## PROBLEM TO WORK ON
Give again, word for word, every line in the entries below from the line with "Photo of Jeffrey Chen - Morgan Stanley" up to and including the line with "Produit reconditionné ·", and no other line.

## DATA SECTION
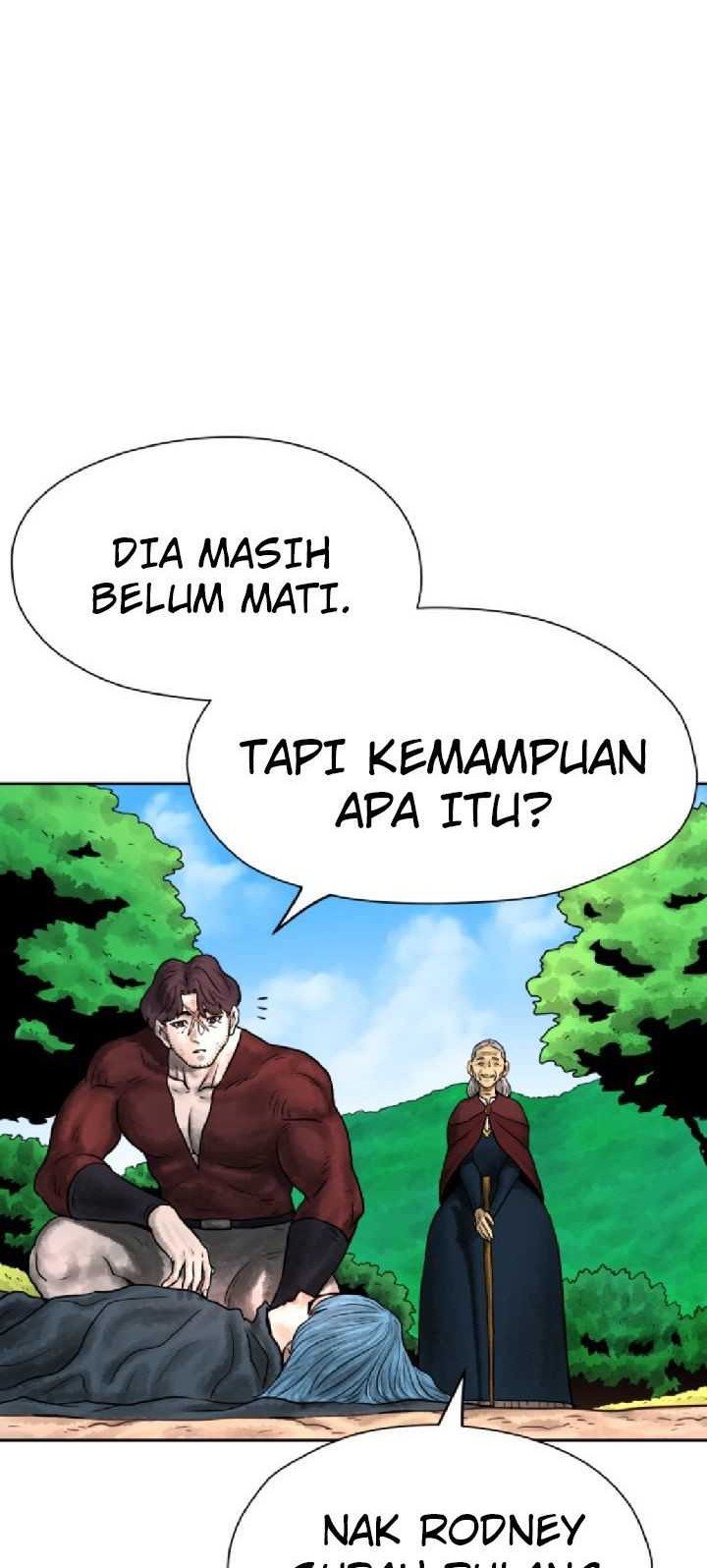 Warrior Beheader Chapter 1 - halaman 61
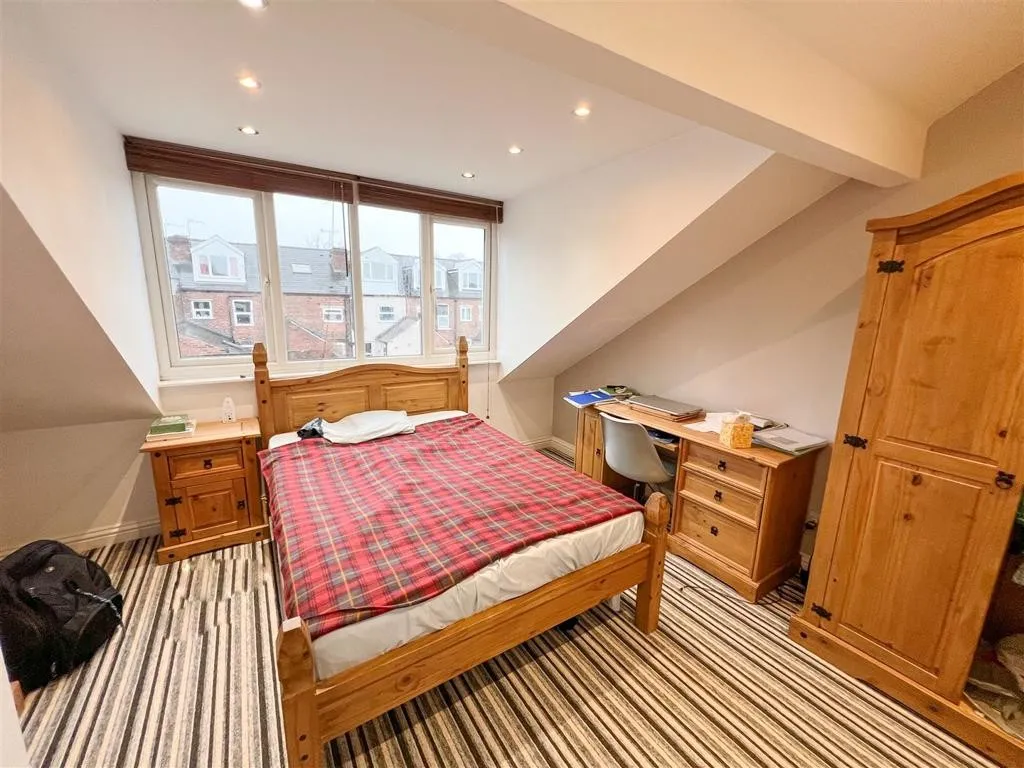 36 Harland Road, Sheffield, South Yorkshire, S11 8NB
--
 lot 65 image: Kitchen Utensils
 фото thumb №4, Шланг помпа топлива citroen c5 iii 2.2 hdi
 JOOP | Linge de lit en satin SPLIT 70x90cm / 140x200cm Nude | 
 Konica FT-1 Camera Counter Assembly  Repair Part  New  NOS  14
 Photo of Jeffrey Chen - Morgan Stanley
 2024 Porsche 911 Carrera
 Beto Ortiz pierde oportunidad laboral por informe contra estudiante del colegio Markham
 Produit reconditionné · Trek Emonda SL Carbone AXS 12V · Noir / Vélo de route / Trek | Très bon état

## YOUR SOLUTION
 Photo of Jeffrey Chen - Morgan Stanley
 2024 Porsche 911 Carrera
 Beto Ortiz pierde oportunidad laboral por informe contra estudiante del colegio Markham
 Produit reconditionné · Trek Emonda SL Carbone AXS 12V · Noir / Vélo de route / Trek | Très bon état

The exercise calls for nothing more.